The Park of Builders (Russian: Парк строителей) also the Park of Culture of Builders is one of the parks of Rostov-on-Don, which was laid at the beginning of the 20th century on the place of the philistine farmstead. The park is located in the Oktyabrsky district of the city.

History 
Earlier the Novoposelensky garden was in the place of the park of Builders. It was founded in 1903 during the construction of the building of the People's Theater. Earlier in this place was the estate of the petty bourgeois Garbuz and near the estate was Garbuz Garden, named after the owner of the estate. On the territory of the garden were planted whole sites with fruit trees.

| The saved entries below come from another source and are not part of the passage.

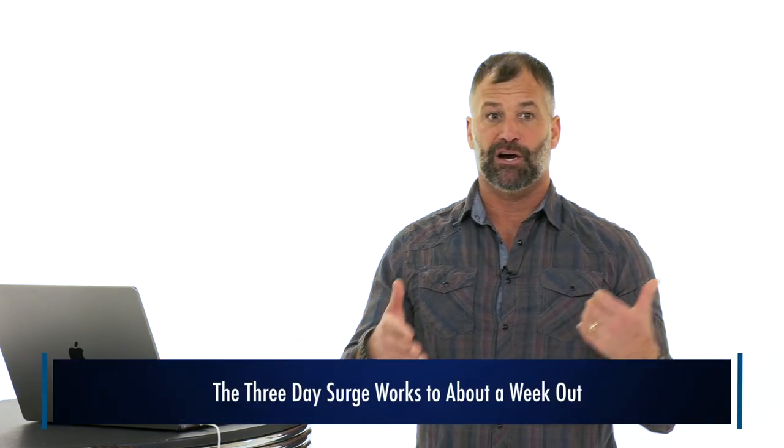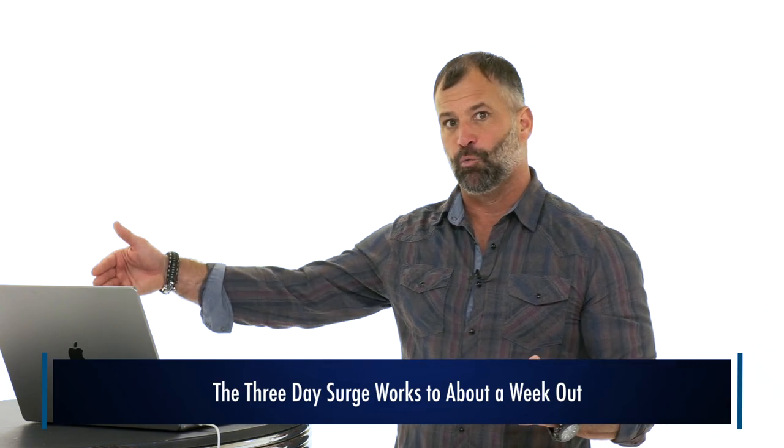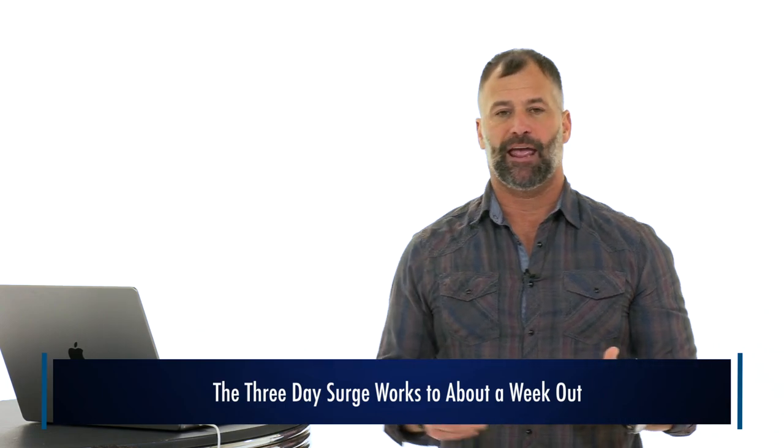So what is a day three surge? Basically, and one thing I do want to point out right in advance is we call it the day three surge because most of them happen on the third day, but this setup does work up to about a week out.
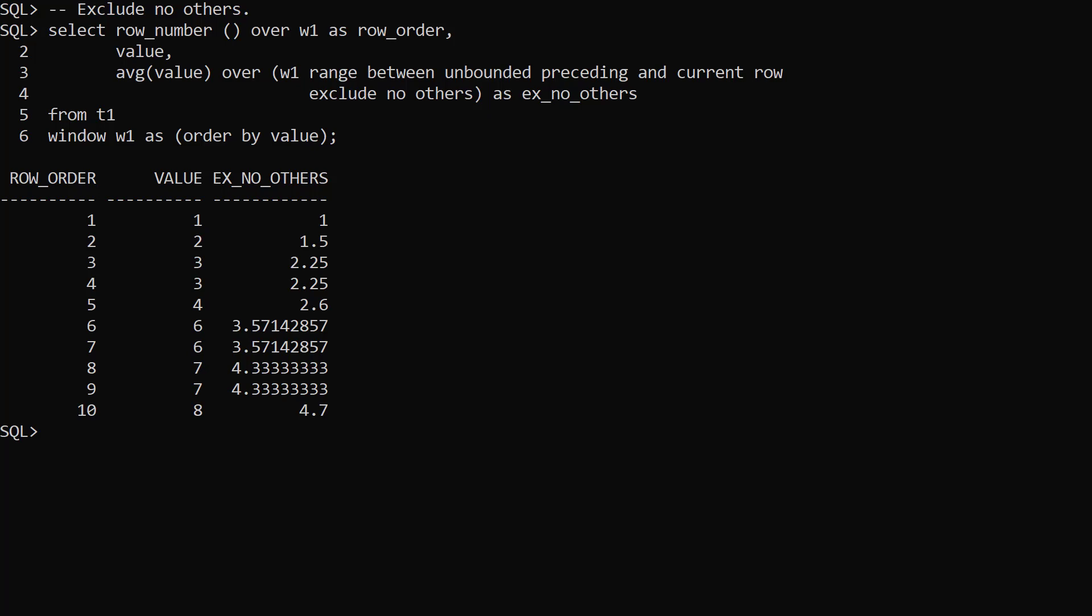The addition of the exclude clause gives us some extra flexibility when defining a window.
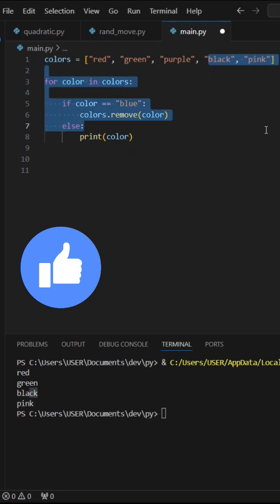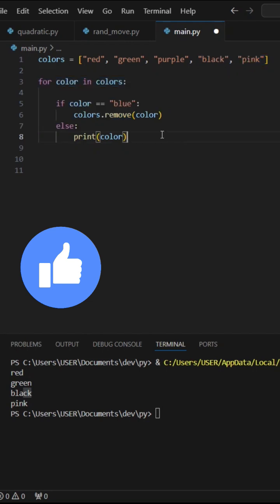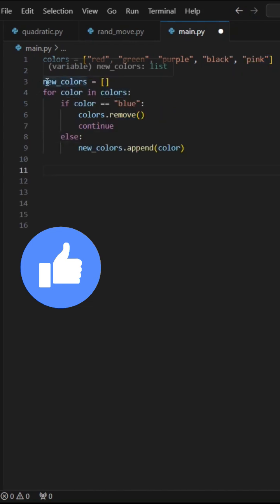But what's the moral of this? The moral is don't modify your list while you are iterating through it because it can lead to unexpected behaviors. If you ever want to modify your list, do it.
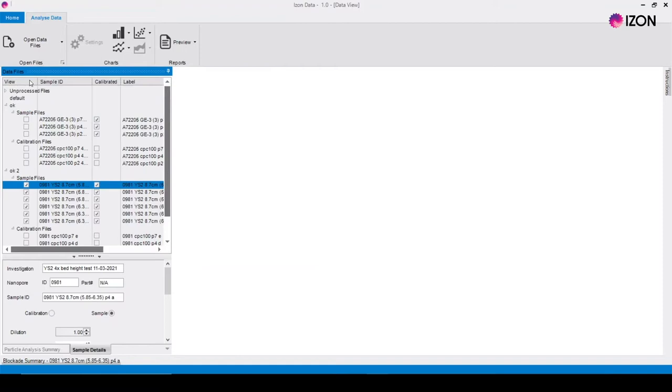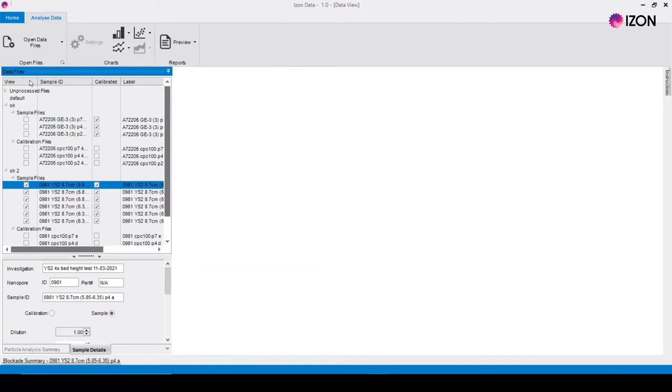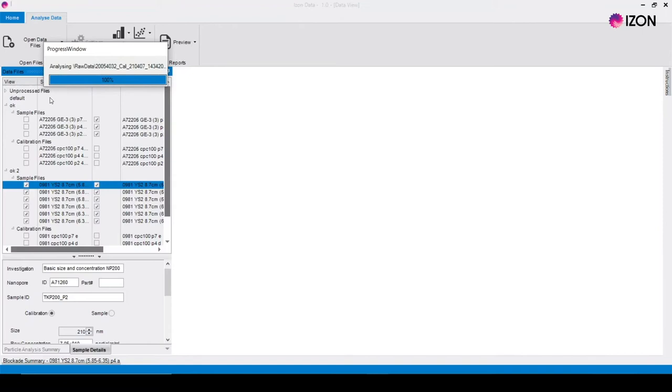In the software right click on unprocessed files and select process files. This can take several minutes for large data sets.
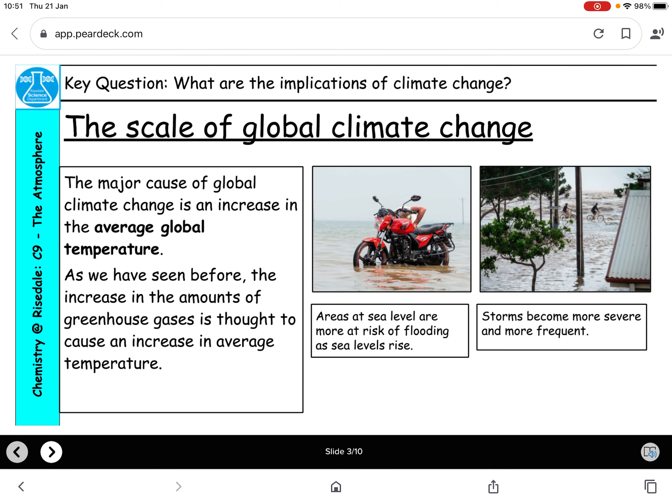What is the scale of global climate change? It's a major cause of the increase in global temperature. An increase in the amount of greenhouse gases will cause an increase in average temperatures. This means areas close to sea level are at risk, and in Britain we're surrounded by sea, so we're at risk of flooding, sea levels rising, and storms becoming more severe. We've seen changes in our weather patterns just over the last few years in your lifetime.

It was possible to get to Novopoliselensky garden from several sides because there were several entrances. The first entrance was from Budyonnovsky Prospekt, and it was considered the main entrance. The second was located from Pochtovy Lane opposite to 5th Street.

From the street of the 6th was located 2 avenues, one went from a main entrance to the entrance from Pochtovy Lane and came to 5th Street. Other avenue went perpendicular to the first, began from a northern entrance with 6th Street, and reached the place where the closed platform was constructed later.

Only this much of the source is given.